Directions
A verbatim reproduction of the lines below, from the line containing "Зажим для кардигана" through the line containing "Fergus James - M", both ends included, is the whole required output.

Source material

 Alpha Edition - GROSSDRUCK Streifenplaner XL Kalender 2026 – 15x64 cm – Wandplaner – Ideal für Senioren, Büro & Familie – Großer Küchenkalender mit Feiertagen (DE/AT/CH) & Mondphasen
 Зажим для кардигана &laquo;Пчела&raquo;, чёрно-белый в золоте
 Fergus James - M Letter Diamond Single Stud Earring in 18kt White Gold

* * *

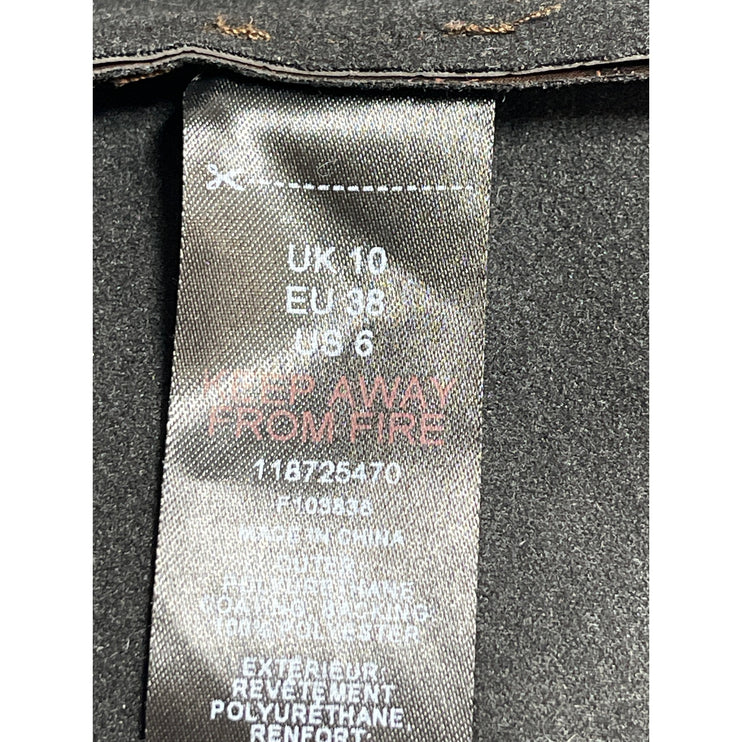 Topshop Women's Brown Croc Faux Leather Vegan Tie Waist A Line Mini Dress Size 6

Your response
 Зажим для кардигана &laquo;Пчела&raquo;, чёрно-белый в золоте
 Fergus James - M Letter Diamond Single Stud Earring in 18kt White Gold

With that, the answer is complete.